Geert Wilders, na Holanda, e Norbert Hofer, na Áustria, fracassaram nos pleitos de seus respectivos países. Ambos são adeptos da “antipolítica”, que não parece ter um representante forte o suficiente para vencer as eleições da Alemanha (O AfD, partido desta ala no país em questão, apesar de ser o primeiro de extrema-direita que pode ocupar cadeiras no Parlamento desde 1945, deve ficar em terceiro, atrás do social-democrata Martin Schulz e da democrata-cristã, Angela Merkel), marcadas para setembro. A pergunta que fica é se esse movimento tende a enfraquecer ou se consolidar. Em 2018, as eleições no Brasil podem ajudar a responder.
Doutor em ciência política pela Universidade de Brasília (UnB), Pedro Pietrafesa explica que a instituição partido está em descrédito pelo mundo e as mudanças de nome não acontecem à toa. “Estão buscando alternativas e esse é um artifício que, na teoria, pode afastar a imagem da política tradicional, mas, na prática, não resulta em mudança concreta dentro dos partidos”, aponta.
Professor de Relações Internacionais da Pontifícia Universidade Católica de Goiás (PUC-GO), o cientista político salienta que ainda não se sabe como esse movimento global vai interferir no pleito do ano que vem.

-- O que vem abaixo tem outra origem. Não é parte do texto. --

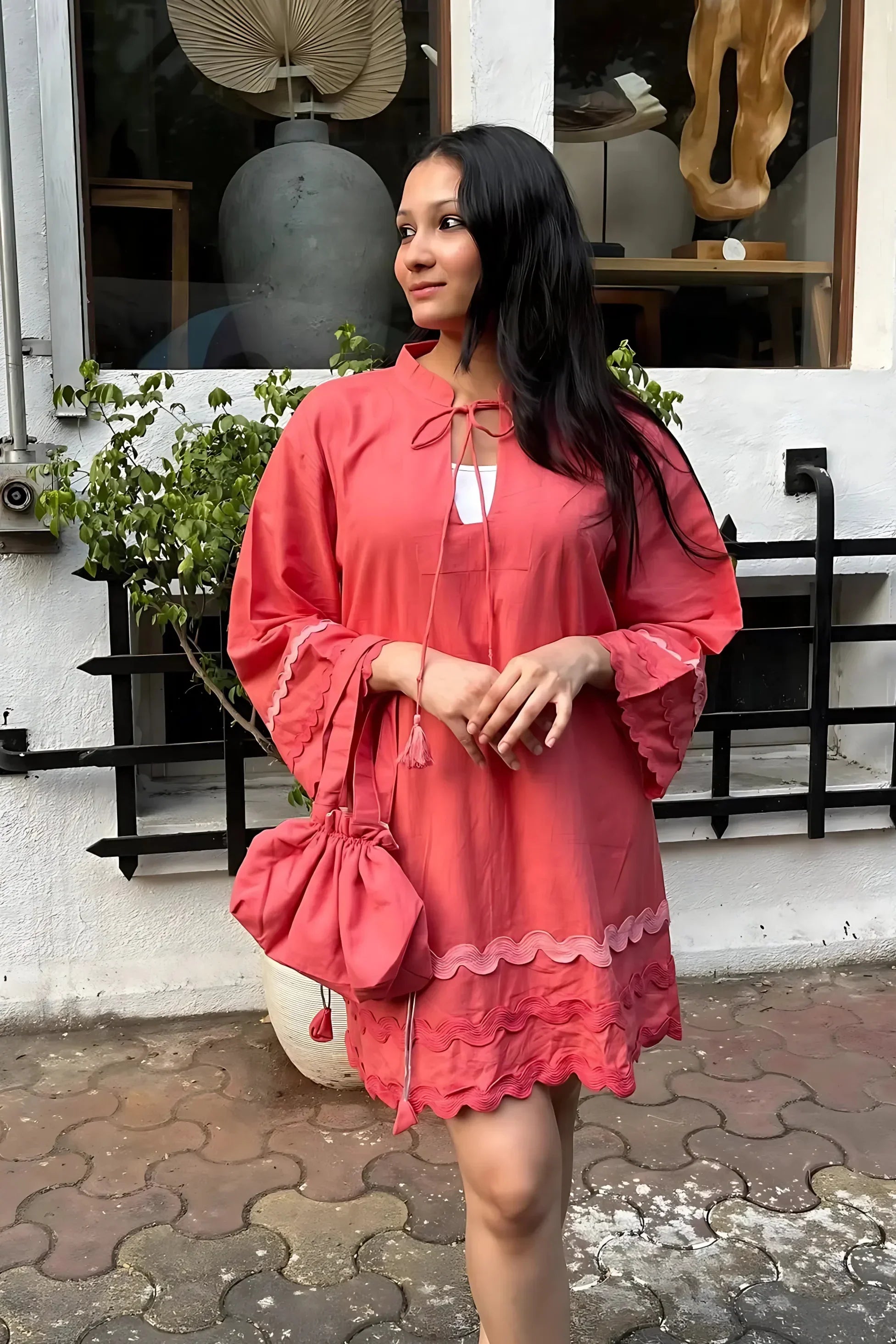 Handwoven Carnation Brunch Dress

De acordo com ele, depende de como os novos partidos vão se apresentar e, principalmente, quem serão os candidatos. “Se grandes nomes como Lula e Alckmin se candidatarem, a onda pode acabar sendo uma marolinha”, pensa.
Porém, Pedro Pietrafesa ressalta que um tsunami não está descartado. Para o professor, as chances disso se tornar realidade se dão em decorrência do histórico recente brasileiro – de Fernando Collor a João Dória – em apresentar nomes supostamente de fora da política e, por isso, uma boa votação de Jair Bolsonaro não deve ser encarada com surpresa. Ainda segundo o cientista político, o tsunami tem mais possibilidade de acontecer devido aos candidatos em si e não necessariamente às mudanças de nome dos partidos.